The most important part of growth is being able to recognize your mistake, and more so, be able to understand WHY you made that mistake. I am thankful to be able to share this mistake at a young age, and with minimal monetary losses to show for it. Still, it opened my eyes and taught me more than any class ever has.
Imagine this: You’re a hotshot high school student with part-time job money that you want to invest. Where do you go? Well, the right choice would be to stick it in an index fund until you actually know what you’re doing. Maybe do some paper trading in individual stocks before throwing out the big bucks. But alas, I did neither of those things. I believed that if I did enough homework on a company I believed in that it had to work out, and that most people just lacked the courage to stick with a winning horse.
I had not considered that even diligent research could lead me to a losing horse.

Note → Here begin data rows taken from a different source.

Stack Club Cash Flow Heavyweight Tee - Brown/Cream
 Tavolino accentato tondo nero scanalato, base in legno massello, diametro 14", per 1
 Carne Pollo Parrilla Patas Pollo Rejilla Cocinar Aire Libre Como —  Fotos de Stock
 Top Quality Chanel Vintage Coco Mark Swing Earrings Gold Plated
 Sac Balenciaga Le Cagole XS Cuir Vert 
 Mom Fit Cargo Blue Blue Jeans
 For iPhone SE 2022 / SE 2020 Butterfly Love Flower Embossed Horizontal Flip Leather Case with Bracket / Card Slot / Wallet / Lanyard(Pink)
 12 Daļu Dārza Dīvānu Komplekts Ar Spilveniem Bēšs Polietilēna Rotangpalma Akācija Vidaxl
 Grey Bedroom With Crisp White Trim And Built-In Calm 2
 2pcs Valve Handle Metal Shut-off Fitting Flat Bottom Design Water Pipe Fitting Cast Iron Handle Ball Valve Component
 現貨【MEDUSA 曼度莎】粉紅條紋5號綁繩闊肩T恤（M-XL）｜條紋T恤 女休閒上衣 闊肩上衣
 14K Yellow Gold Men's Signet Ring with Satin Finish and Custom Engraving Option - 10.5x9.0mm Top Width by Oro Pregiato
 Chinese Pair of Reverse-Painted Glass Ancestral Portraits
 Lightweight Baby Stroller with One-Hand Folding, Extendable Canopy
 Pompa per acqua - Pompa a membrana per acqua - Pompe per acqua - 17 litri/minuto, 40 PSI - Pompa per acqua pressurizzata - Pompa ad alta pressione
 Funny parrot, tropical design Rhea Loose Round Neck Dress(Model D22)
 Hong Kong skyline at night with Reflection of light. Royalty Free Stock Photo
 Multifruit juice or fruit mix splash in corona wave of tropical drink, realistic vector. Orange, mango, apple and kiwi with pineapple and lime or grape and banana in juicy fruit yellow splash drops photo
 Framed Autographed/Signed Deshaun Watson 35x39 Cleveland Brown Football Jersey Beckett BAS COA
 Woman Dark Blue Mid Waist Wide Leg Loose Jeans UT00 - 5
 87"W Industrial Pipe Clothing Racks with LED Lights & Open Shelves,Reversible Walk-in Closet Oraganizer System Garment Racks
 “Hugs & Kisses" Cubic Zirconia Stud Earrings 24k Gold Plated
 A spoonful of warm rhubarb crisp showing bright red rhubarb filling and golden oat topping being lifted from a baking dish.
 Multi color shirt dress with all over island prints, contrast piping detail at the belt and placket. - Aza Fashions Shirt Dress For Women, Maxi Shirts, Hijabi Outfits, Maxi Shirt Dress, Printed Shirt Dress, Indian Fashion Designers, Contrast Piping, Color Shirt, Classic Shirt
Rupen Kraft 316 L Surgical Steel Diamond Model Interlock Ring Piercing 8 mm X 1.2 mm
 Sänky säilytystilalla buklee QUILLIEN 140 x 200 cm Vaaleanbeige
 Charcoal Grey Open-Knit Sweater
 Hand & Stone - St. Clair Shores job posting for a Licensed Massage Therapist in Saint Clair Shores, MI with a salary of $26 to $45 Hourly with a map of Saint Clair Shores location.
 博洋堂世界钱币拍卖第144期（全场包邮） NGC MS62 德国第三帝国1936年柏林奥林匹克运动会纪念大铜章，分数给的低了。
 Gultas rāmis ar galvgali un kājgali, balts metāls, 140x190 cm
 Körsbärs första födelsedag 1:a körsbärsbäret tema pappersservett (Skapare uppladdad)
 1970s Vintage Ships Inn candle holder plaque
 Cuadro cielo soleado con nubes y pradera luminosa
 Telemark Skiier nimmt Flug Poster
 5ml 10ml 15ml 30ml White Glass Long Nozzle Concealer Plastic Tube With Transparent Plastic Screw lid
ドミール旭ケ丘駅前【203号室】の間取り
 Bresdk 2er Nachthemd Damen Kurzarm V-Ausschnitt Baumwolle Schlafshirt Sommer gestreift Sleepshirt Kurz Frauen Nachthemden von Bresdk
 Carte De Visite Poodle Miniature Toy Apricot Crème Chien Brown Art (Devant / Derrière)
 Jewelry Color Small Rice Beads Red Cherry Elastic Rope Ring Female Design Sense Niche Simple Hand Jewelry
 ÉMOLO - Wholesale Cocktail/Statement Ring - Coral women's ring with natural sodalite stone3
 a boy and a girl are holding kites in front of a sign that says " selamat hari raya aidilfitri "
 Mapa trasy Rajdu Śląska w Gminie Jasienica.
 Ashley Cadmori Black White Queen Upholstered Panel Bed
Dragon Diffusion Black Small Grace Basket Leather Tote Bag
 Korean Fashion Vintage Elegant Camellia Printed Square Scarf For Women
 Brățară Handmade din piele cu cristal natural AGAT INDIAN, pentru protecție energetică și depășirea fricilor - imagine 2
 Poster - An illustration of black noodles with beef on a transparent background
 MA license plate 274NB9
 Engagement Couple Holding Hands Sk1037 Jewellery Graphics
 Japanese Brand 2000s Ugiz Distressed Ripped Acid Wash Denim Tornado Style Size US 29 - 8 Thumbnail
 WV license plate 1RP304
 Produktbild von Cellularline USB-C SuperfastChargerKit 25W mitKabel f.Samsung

The company was Weedmd. I really liked how frugal they were with equity financing (my one sided stance on debt vs. equity financing has since changed), and I was seriously impressed with the fact that they were able to secure a loan from BMO for only 8% interest. This was very unusual from companies of their size in the industry. I also took a liking to the CEO at the time, Kieth Merker. He had a habit of being honest, maybe too honest, about the state of the business and the industry. He also liked to set expectations low, and usually came with earnings surprises that ignited stock performance. I had even gotten to directly interact with him on a Reddit AMA with a question regarding their latest convertible debentures.
The problem started in the Q3 2019 conference call when they announced a merger (which turned out to be a reverse takeover) with Starseed. This company claimed that they were an insurance based model that no one had ever seen. That this would grow to be the model used my companies for pain relief as opposed to opiates all over the world. What a disappointment that really became. In reality, the Starseed merger was a financing in disguise, and a desperate one at that. The company seemed to be looted between the assets that were previously reported prior to the merger, and the assets received by Weedmd. On top of this awful, dilutive deal, they also missed outdoor grow expectations by well over 50%. This was a huge blow to 1. Their top line. 2. My trust in management. And 3. Their entire business model. At this point, I should’ve sold. I had already recognized that this was not the company that I had envisioned. However, I decided to give them more time.
That decision was very costly.
When it was all said and done and Keith Merker had been replaced by a labor union’s puppet, I had lost nearly 50% of my investment. Even now, I hold a single share in the company to remind me of this abhorrent error.
But not all was lost. I gained a substantial amount of knowledge through that venture that I plan to share in coming posts:
1. Industry Performance > Macro Conditions > Company Performance (in terms of importance)
2. Emotional investment in a stock does not make you more money.
3. Putting all your eggs in one basket isn’t investing. It’s gambling.
Those are very brief overviews of the lessons I have learned, and quite a short list compared to the number of lessons I have learned post-Weedmd. I will be elaborating on these. I’ll also be happy to share the success that I have had since learning these lessons in future posts.
Until next time.
The only real mistake is one in which we learn nothing.